Der Sachverhalt:
Der Kläger war im Streitjahr 2004 mit über 80 % am Stammkapital der X-GmbH beteiligt. Die X-GmbH war ihrerseits mit 97,5 % an der Y-GmbH beteiligt. Im November 2004 beschlossen die Gesellschafter der X-GmbH eine Vorabausschüttung für das laufende Geschäftsjahr 2004 i.H.v. 4,1 Mio. €, die am 21.1.2005 zur Auszahlung fällig sein sollte. Zu diesem Zeitpunkt betrug der Kassenbestand der X-GmbH ca. 300.000 €.

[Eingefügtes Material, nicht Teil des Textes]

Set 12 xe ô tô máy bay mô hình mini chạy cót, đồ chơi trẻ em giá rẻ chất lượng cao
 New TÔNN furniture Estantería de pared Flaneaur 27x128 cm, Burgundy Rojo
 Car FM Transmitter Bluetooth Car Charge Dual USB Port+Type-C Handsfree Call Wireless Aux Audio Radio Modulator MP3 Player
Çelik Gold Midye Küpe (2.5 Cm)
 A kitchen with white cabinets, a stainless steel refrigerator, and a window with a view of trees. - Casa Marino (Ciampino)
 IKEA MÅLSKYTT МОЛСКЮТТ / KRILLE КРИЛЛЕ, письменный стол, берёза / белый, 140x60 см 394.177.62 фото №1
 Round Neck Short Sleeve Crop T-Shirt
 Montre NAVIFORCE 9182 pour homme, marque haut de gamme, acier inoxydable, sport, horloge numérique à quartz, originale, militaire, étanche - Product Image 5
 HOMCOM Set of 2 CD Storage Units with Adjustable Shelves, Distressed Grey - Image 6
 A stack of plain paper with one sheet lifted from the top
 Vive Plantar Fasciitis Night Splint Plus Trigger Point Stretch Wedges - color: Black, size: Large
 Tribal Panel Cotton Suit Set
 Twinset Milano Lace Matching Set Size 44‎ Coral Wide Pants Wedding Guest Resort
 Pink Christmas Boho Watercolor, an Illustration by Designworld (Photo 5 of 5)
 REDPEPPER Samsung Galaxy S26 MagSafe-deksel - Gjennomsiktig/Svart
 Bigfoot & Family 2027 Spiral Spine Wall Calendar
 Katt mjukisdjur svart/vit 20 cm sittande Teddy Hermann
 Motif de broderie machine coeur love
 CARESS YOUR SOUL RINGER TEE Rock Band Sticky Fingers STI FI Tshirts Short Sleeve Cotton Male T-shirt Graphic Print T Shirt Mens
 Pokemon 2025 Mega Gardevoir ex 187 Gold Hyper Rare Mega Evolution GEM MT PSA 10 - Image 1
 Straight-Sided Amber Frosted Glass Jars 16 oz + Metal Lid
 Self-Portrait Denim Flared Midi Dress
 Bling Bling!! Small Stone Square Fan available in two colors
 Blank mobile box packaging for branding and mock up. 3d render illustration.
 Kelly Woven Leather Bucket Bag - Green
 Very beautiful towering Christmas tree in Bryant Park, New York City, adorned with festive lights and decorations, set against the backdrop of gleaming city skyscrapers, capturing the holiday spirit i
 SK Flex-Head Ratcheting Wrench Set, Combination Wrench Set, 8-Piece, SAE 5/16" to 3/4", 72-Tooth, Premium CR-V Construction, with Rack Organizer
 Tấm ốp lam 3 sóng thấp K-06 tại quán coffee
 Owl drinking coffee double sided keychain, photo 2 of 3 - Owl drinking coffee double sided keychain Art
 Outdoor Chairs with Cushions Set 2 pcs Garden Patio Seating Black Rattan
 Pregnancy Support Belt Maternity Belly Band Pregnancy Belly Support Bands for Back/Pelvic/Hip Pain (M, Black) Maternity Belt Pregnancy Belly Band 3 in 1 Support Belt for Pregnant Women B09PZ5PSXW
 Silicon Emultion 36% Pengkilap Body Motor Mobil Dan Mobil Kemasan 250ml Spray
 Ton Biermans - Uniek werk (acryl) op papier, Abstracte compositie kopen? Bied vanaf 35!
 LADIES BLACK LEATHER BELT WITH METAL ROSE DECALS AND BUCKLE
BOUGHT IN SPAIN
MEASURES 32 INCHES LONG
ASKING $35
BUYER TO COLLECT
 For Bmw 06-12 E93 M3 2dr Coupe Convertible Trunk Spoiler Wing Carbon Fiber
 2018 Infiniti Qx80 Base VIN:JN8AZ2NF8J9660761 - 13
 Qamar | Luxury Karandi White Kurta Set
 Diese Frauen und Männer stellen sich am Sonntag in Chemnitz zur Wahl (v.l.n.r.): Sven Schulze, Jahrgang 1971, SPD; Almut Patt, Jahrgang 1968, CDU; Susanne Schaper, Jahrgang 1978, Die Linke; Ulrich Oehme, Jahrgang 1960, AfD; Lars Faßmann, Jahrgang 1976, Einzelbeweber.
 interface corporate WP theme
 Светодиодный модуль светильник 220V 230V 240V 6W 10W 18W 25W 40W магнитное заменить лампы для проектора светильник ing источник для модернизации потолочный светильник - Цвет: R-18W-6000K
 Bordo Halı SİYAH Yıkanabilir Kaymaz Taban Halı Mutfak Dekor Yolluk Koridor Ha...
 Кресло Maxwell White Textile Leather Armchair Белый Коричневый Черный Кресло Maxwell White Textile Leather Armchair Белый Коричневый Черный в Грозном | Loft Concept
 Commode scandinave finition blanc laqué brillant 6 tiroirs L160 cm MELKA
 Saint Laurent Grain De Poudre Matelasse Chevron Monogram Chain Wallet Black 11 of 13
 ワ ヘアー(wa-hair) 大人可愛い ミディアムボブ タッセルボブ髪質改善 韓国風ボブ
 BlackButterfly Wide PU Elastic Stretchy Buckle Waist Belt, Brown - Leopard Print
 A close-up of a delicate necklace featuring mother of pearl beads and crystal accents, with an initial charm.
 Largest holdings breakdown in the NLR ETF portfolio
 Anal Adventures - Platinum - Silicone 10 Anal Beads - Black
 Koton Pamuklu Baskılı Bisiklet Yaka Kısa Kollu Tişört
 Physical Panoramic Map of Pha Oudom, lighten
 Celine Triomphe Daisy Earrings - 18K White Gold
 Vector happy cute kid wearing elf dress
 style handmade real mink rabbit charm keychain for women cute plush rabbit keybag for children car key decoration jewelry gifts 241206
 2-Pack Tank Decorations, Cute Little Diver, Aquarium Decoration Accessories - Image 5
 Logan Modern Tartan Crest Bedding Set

Das Finanzamt erfasste die Vorabgewinnausschüttung im Einkommensteuerbescheid 2004 nicht, da der Kläger diese in seiner Steuererklärung 2005 angegeben hatte. Anlässlich einer Betriebsprüfung vertrat der Prüfer die Ansicht, der Anspruch des Klägers auf Auszahlung der Vorabausschüttung sei bereits mit dem Ausschüttungsbeschluss der Gesellschafterversammlung entstanden und sofort fällig. Infolgedessen erließ das Finanzamt einen geänderten Einkommensteuerbescheid für das Streitjahr 2004, in dem es dem Kläger unter Berücksichtigung des Halbeinkünfteverfahrens in Bezug auf die Vorabausschüttung Einkünfte aus Kapitalvermögen hinzurechnete.
Das FG wies die hiergegen gerichtete Klage ab. Und auch die Revision des Klägers vor dem BFH blieb erfolglos.
Gründe:
Zu Recht war das FG davon ausgegangen, die Vorabausschüttung stelle einen im Jahr 2004 gem. § 20 Abs. 1 Nr. 1 EStG zu erfassenden Gewinnanteil dar.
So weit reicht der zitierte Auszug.